To obtain their concentration value, relative area abundances were correlated to anthocyanin total content (TAC). The profile of anthocyanins of both IC and CC is consistent with the results published by the American Herbal Pharmacopoeia [21] on V. macrocarpon. Among anthocyanins, the most abundant (%) is Peonidin 3-O-Galactoside (P-3-gal), followed by Cyanidin 3-O-Galactoside; furthermore, in both samples, the relative abundance of those chemicals remains unvaried. Specifically, the area percentages for Cyanidin-3-O-Galactoside were 28.57 ± 1.87 in the IC and 28.48 ± 1.83 in the CC. For Cyanidin-3-O-Glucoside, the values were 1.7 ± 0.13 in the IC and 0.73 ± 0.13 in the CC. Cyanidin-3-O-Arabinoside exhibited values of 15.83 ± 0.06 in the IC and 17.7 ± 0.51 in the CC. Peonidin-3-O-Galactoside displayed values of 35.78 ± 1.01 in the IC and 26.19 ± 0.89 in the CC. For Peonidin-3-O-Glucoside, the values were 4.34 ± 0.26 in the IC and 2.99 ± 0.14 in the CC. Lastly, Peonidin-3-O-Arabinoside showed values of 13.78 ± 0.7 in the IC and 13.17 ± 1.07 in the CC. Literature values report a concentration of (P-3-O-gal) in cranberry fruits of around 180 mg 100 g⁻¹ DW [7]. The present analysis proposes levels of this anthocyanin of 40 mg 100 g⁻¹ FW for IC and 30 mg 100 g⁻¹ FW for CC, which, if transformed for the dry weight, result in 330 and 250 mg 100 g⁻¹, respectively.
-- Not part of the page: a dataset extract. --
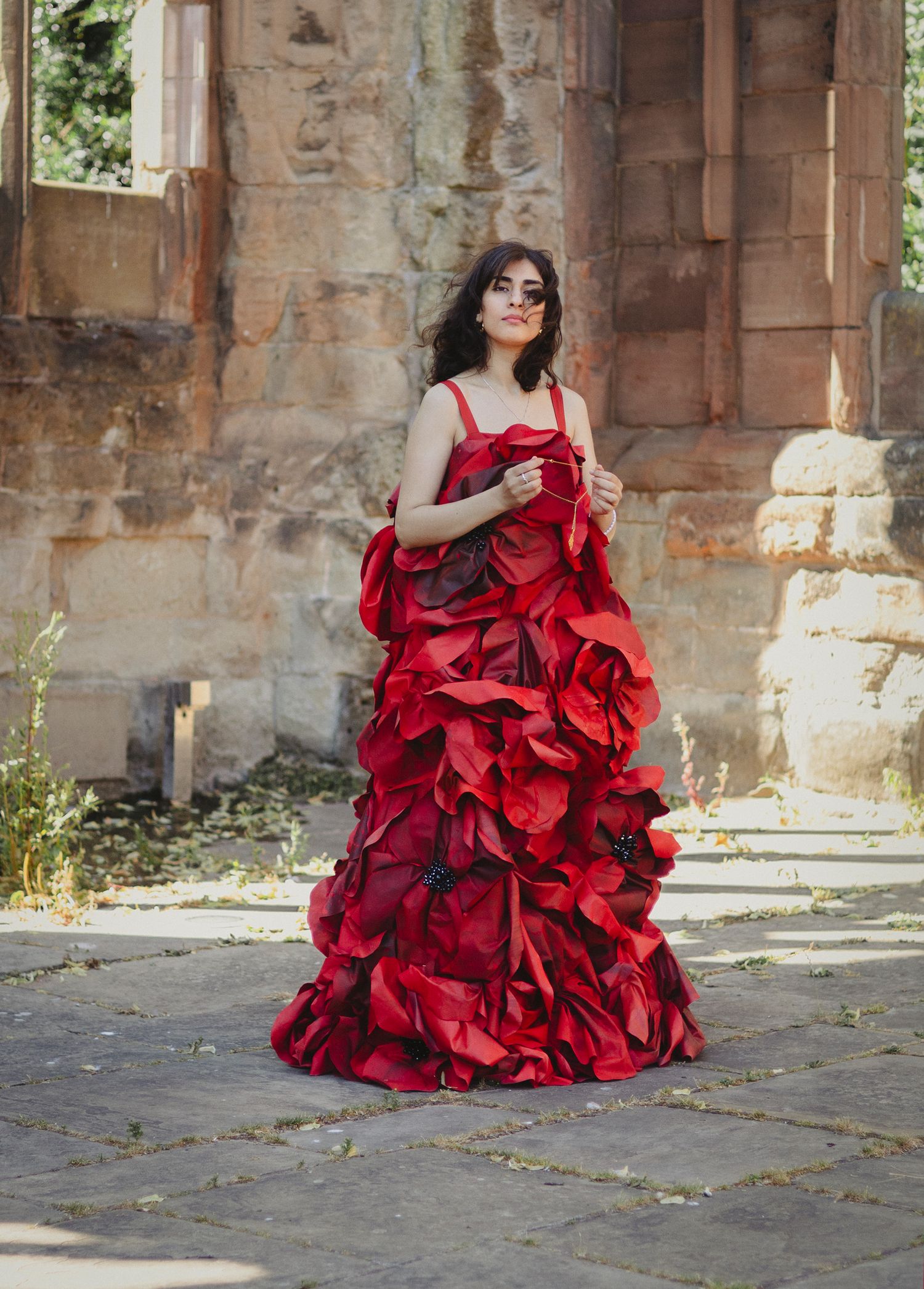 Dramatic red ruffled gown photographed against weathered stone architecture and greenery.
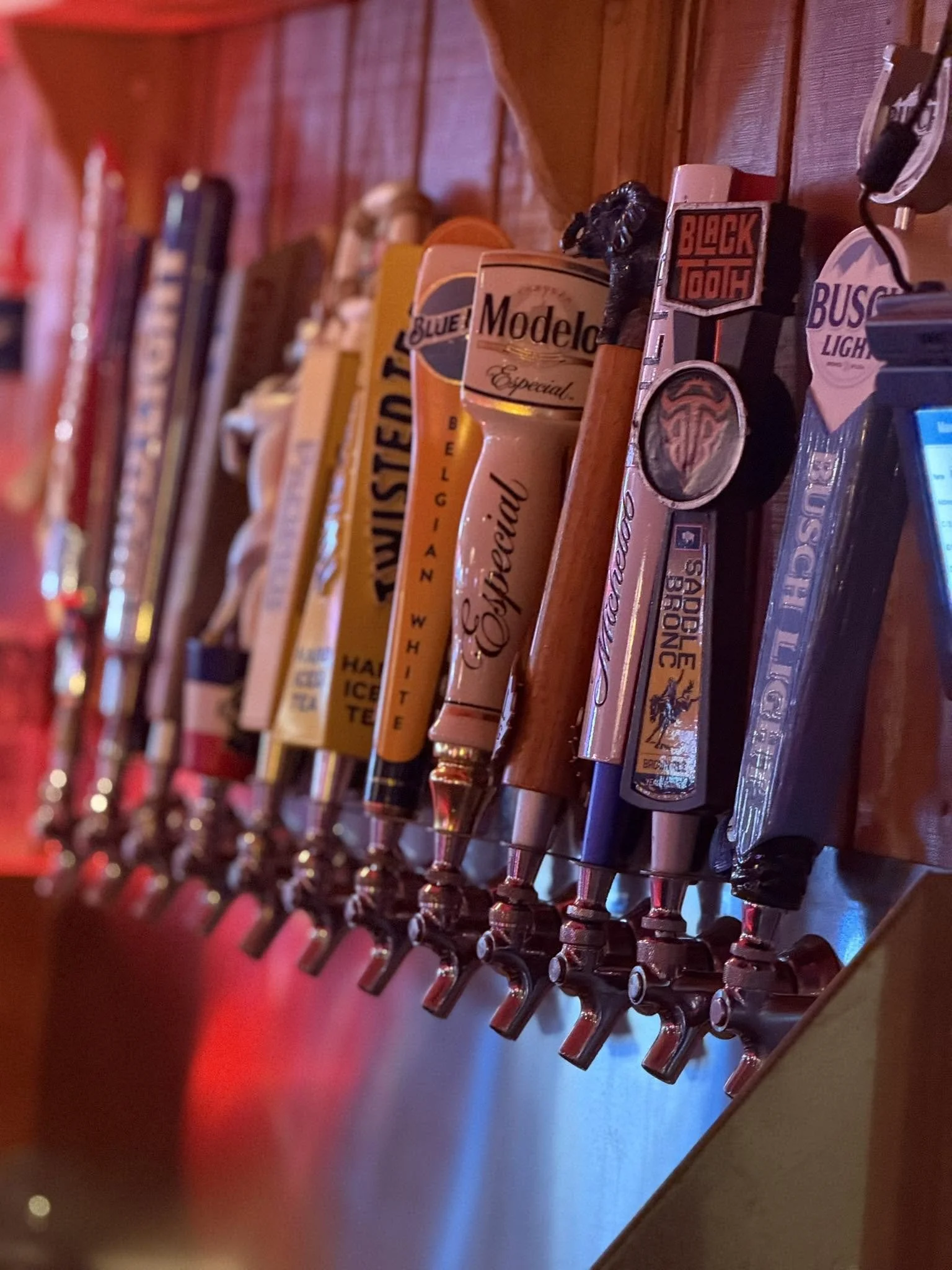 A row of beer tap handles mounted on a bar, featuring various brands including Modelo, Bud Light, and Blue Moon.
The relative quantity of PACs in IC and CC was determined on the most soluble species of PACs: dimers and trimers. Their relative concentrations, obtained by the area registered on the ionic chromatogram of HPLC-MS² analysis, were transformed in their concentration value by their correlation with the value of TPAC obtained by DMAC assay. Among the PACS studied, the B-type dimer registers the highest abundance in both samples of IC and CC. The area percentage for the A-type dimer was recorded as 24.5 ± 0.42 in the IC and 34.7 ± 0.64 in the CC. A-type trimer exhibited a value of 30.5 ± 1.06 in the IC and 25.5 ± 0.99 in the CC. For the B-type dimer, the values were 42.2 ± 1.27 in the IC and 37.4 ± 0.42 in the CC. Lastly, the B-type trimer showed values of 2.9 ± 0.21 in the IC and 2.5 ± 0.07 in the CC. A slight variation is present in the relative abundance of PAC-A dimer, whose concentration was enriched in CC. The sum of the relative concentration of type-A PACs in IC registered a value of 55% while in CC was slightly higher (60.2%).

4. Conclusions

This study showed that cranberries (‘Pilgrim’), cultivated soilless in Northern Italy, were rich in antioxidant and bioactive compounds and presented the potential to be valorised in food applications or dietary supplements. Despite Italian cranberries (IC) being smaller than Canadian ones (CC), they presented a higher amount of total polyphenolic, anthocyanin, and proanthocyanidin content and a higher antioxidant capacity. In particular, larger amounts of anthocyanins (cyanidin and peonidin) and proanthocyanidins (A-type and B-type) in IC rather than CC were probably related to the climatic conditions in which IC grew. Probably, high temperatures reduced fruit growth and led to an increased production of antioxidant compounds. These findings highlighted not only the regionality-related differences in the phytochemical profile of the cranberries cultivated in different areas (e.g., Italy vs. North America) but also the potential increased abundance of bioactive compounds in IC. This research represented only a preliminary investigation to assess the potential of V. macrocarpon cultivation under soilless conditions in Piemonte Region (Northwestern Italy) and further studies based on controlled cultivation trials are necessary to confirm these preliminary results. The results of this study are an encouraging factor in promoting the cultivation of cranberries in new areas with varying climates, which could stimulate the biosynthesis of bioactive metabolites, as a complementary strategy for the sourcing of this botanical ingredient. Finally, but not least importantly, the increased production of antioxidants in fruits grown in a cultivation area with climatic conditions characterized by low relative humidity and elevated temperatures, potentially stressing for cranberries, may serve as a starting point for research on crop diversification and tackling climate change.